# Australia, Canada, and the United States: More a like than different.



## Rwarky (Apr 19, 2005)

Australia, Canada, and the U.S.A., all former British controlled territories, have tall, high-density central cores. However, they each posses sprawling low-density neighborhoods, comprising of mostly houses rather than apartments. Has anyone else noticed this about these three nations cities? Also, why did they develop this way? Please post pics to support this thread.


----------



## Plumber73 (Mar 3, 2005)

Lots of space helps. Lots of people want their own house. Car is king.


----------



## Taller Better (Aug 27, 2005)

It is not surprising that Canada and the USA are similar.. they share the same continent and have a shared history. I am always shocked at how Americanized Australian cities are.


----------



## Nouvellecosse (Jun 4, 2005)

I'd say it's a combination of wealth and age. All r so called "new world" countries, with their current civilizations developed by European powers, and all of them have had a major percentage of their development after motor vehicles (both cars and transit) became prevalent.
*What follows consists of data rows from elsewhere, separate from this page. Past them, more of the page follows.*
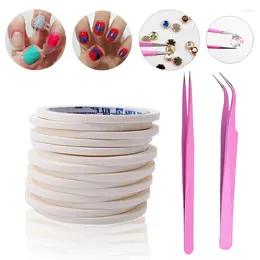 Nail Stickers Striping Tape Line DIY Water Decal Art Design Adhesive Strips For Nails Tweezers Picking Tools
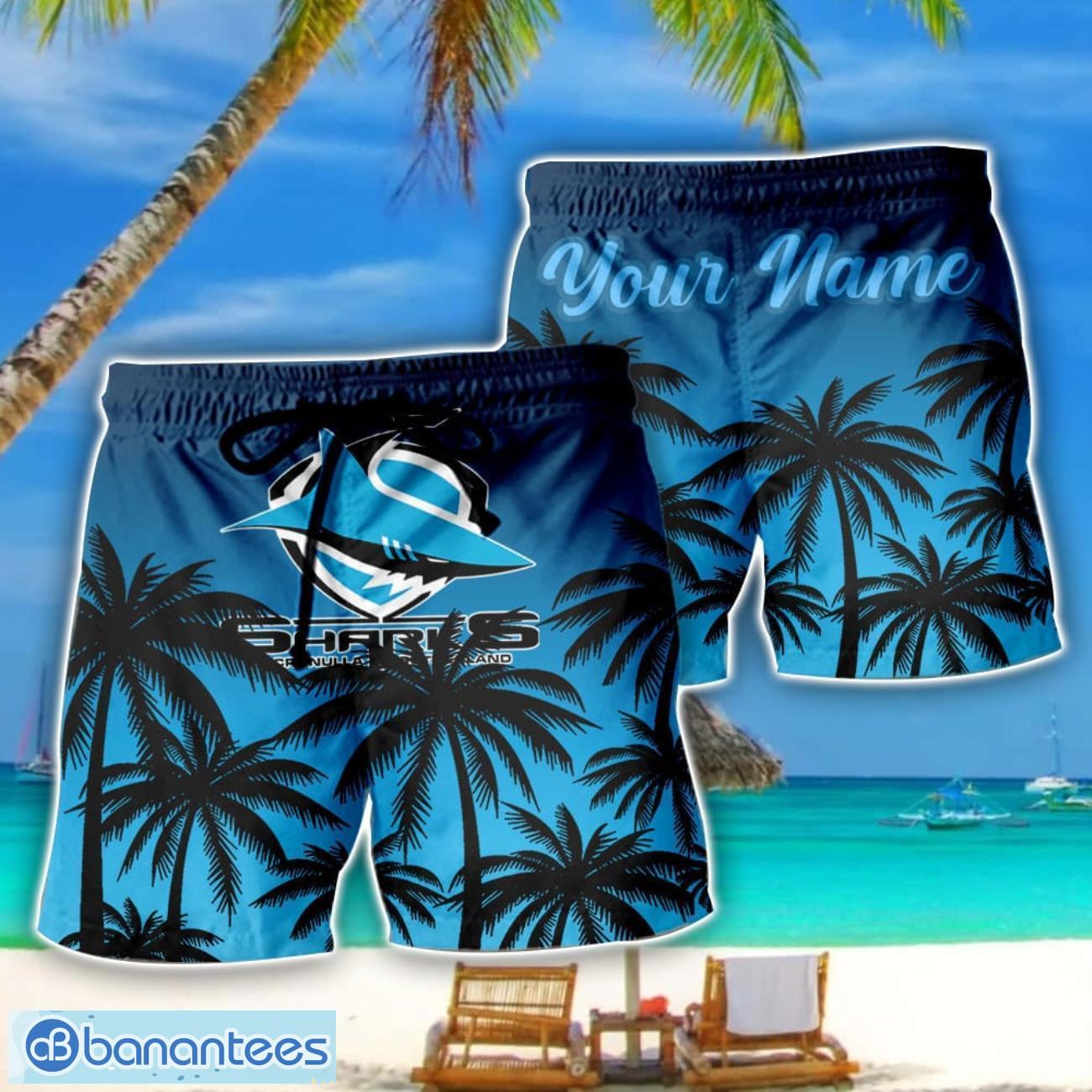 cronulla sharks nrl coconut pattern tropical beach shorts for mens personalized name image Cronulla Sharks NRL Coconut Pattern Tropical Beach Shorts For Mens Personalized Name Product Photo 1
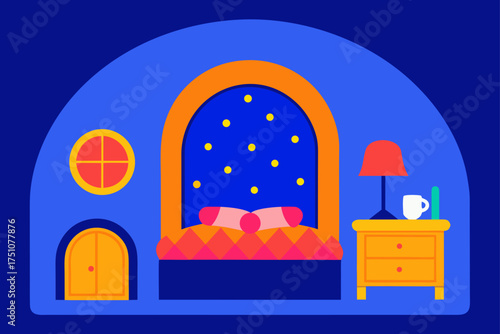 A bedroom interior with a bed and nightstand lamp on transparent background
These three countries also share these characteristics - particularly those in teh Americas - but they didn't have the same level of wealth to allow them to make the same usage of vehicles, particularly for the purposes of expanding their cities. Because of this, their populations couldn't afford commute from outer areas of cities.


----------



## tablemtn (May 2, 2006)

Plentiful land combined with high economic development led to low density, because people wanted to own their own parcels of property. It makes sense in a lot of ways - under old English common law, landholding males were the only ones with voting or financial rights in many situations. "Colonizing the frontier" meant settling the land, and that value of land ownership became important culturally. Real estate is an equity asset.


----------



## addisonwesley (Jun 19, 2005)

Regarding Canada and the United States, in the urban context, I would not be so quick to agree. Cities in the US tend to be more dispersed, and the suburbs and central city are generally well linked by an expansive expressway system. While Canadian cities have their sprawl as well, penetration of highways into and around the central city (especially downtown areas) is very limited, and in some cases non-existent. This in turn, has led to differences in the commuting patterns of Canadian and American city-dwellers. In the United States in 2002-3, 89% of workers in US cities travelled by carpooling or private automobile, compared to 76% for those in Canadian cities. As well, transit usage is generally higher in Canada than in the US (14.8 and 6 percent, respectively). 

In addition, there has been the case of 'white-flight' to the suburbs in US cities, whereas in Canada this is not the case (in 2000, 20 US central cities had majority black populations). Only in two Canadian cities (Toronto and Vancouver) does the proportion of visible minorities exceed one third (43 and 49 percent, respectively).

In other contexts (historical, economic, even in attitudes), there are also a great number of differences between the US and Canada.


----------



## oz.fil (Jun 2, 2006)

Australia, Canada and the USA are roughly the same size though I wouldnt say they were alike... For one thing, the US and Canada have more population and also that Australia doesnt have a high crime rate like the USA, I mean you can actually walk in a park alone at night... although they have some similarities


----------



## Captain Obvious (Sep 13, 2002)

The United States has extremely unique landuse patterns. Our Federal and State governments keep building freeways nonstop, and our local governments use coercive ill-conceived zoning laws to force private developers into building nothing but low-density sprawl. 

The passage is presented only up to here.